Composers Raven Chacon (left) and Courtney Bryan are among this year’s MacArthur “genius” grant recipients.

Composers Courtney Bryan and Raven Chacon are among the 20 recipients of the 2023 MacArthur Foundation’s “genius” grants, which were announced by the John D. and Catherine T. MacArthur Foundation on October 5. MacArthur fellows each receive a grant of $800,000 over five years to spend as they wish. Fellows are nominated by their peers and communities through a multiyear process overseen by the foundation. They do not apply and are not informed about the process until the awards are officially announced.

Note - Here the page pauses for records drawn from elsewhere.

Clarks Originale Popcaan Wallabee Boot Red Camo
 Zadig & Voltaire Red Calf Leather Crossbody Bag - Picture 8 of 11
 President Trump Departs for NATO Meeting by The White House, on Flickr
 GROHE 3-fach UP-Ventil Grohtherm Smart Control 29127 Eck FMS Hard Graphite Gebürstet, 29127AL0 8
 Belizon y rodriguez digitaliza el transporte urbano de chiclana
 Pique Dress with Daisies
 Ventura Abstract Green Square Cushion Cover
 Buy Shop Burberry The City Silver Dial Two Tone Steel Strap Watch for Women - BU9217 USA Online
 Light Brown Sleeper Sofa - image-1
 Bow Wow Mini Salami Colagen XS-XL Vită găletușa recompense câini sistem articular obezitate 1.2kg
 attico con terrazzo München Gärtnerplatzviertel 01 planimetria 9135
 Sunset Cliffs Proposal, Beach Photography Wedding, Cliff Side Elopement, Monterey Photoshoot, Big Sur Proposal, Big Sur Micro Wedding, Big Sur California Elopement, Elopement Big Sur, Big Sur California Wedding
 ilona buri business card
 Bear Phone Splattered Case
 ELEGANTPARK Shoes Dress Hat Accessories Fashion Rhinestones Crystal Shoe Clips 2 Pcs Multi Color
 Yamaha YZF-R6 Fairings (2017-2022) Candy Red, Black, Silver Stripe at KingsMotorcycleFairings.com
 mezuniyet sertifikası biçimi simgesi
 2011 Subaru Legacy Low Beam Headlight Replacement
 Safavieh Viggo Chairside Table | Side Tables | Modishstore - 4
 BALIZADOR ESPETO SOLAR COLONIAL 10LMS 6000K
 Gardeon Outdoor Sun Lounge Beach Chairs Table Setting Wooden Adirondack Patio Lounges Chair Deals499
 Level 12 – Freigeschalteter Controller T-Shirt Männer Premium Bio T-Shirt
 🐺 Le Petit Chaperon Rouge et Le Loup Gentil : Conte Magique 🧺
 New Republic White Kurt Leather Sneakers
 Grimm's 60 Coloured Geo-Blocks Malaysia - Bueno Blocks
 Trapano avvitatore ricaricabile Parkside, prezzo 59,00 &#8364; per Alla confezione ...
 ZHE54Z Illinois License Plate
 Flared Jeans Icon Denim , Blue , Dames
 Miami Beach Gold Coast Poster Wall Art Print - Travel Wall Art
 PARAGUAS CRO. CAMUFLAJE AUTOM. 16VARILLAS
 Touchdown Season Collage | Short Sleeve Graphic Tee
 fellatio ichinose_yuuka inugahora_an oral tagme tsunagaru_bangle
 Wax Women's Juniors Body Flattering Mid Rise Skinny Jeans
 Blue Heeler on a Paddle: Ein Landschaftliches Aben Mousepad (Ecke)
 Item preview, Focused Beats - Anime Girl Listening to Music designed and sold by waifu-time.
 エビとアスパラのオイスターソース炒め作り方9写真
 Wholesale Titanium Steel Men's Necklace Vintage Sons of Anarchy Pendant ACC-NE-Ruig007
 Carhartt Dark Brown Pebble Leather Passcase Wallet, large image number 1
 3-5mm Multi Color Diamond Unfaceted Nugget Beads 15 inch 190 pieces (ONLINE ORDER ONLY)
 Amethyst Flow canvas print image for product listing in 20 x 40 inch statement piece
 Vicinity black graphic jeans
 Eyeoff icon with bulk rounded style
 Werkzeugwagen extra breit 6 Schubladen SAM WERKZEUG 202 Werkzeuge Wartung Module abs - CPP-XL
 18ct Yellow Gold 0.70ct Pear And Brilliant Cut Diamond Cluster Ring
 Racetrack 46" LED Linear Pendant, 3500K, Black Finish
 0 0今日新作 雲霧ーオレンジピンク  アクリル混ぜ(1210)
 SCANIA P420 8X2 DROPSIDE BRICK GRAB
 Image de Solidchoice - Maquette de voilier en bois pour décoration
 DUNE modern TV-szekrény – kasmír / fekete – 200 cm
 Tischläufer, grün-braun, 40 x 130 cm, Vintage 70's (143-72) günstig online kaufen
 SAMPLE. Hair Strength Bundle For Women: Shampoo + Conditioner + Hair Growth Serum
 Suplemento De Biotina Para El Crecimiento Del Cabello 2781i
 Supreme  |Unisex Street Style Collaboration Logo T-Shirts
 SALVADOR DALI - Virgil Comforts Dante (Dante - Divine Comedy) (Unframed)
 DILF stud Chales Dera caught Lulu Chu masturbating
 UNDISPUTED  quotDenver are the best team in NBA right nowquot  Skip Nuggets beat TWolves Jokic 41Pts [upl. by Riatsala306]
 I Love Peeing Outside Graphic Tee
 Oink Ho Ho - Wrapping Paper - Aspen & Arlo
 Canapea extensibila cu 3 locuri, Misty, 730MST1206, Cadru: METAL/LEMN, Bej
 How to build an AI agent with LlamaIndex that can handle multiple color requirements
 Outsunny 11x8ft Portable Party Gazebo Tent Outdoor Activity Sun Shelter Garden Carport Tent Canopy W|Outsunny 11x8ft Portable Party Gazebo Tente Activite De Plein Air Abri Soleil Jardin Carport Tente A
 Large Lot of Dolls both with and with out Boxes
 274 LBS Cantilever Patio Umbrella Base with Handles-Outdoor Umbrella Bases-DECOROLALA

Composer and pianist Courtney Bryan was cited by the MacArthur Foundation for “melding elements of jazz, classical, and sacred music in works that reverberate with social and political issues of our time.” In 2018, Bryan was awarded a League of American Orchestras Virginia B. Toulmin Foundation Orchestral Commission. Her commissioned score, Rejoice, was premiered by the Louisiana Philharmonic Orchestra and Music Director Carlos Miguel Prieto in November of 2019. The MacArthur Foundation has posted Bryan’s bio and a video about her at https://www.macfound.org/fellows/class-of-2023/courtney-bryan#searchresults. Composer and artist Raven Chacon was recognized by the MacArthur Foundation for “creating musical works that cut across boundaries of visual art and performance to illuminate landscapes, their inhabitants, and histories.” A member of the Navajo Nation living in Albuquerque, New Mexico, Chacon received the 2022 Pulitzer Prize in Music for Voiceless Mass, a work for ensemble and pipe organ. The MacArthur Foundation has posted Chacon’s bio and a video about him at https://www.macfound.org/fellows/class-of-2023/raven-chacon#searchresults. The complete roster of 2023 awardees is available at https://www.macfound.org/programs/fellows/.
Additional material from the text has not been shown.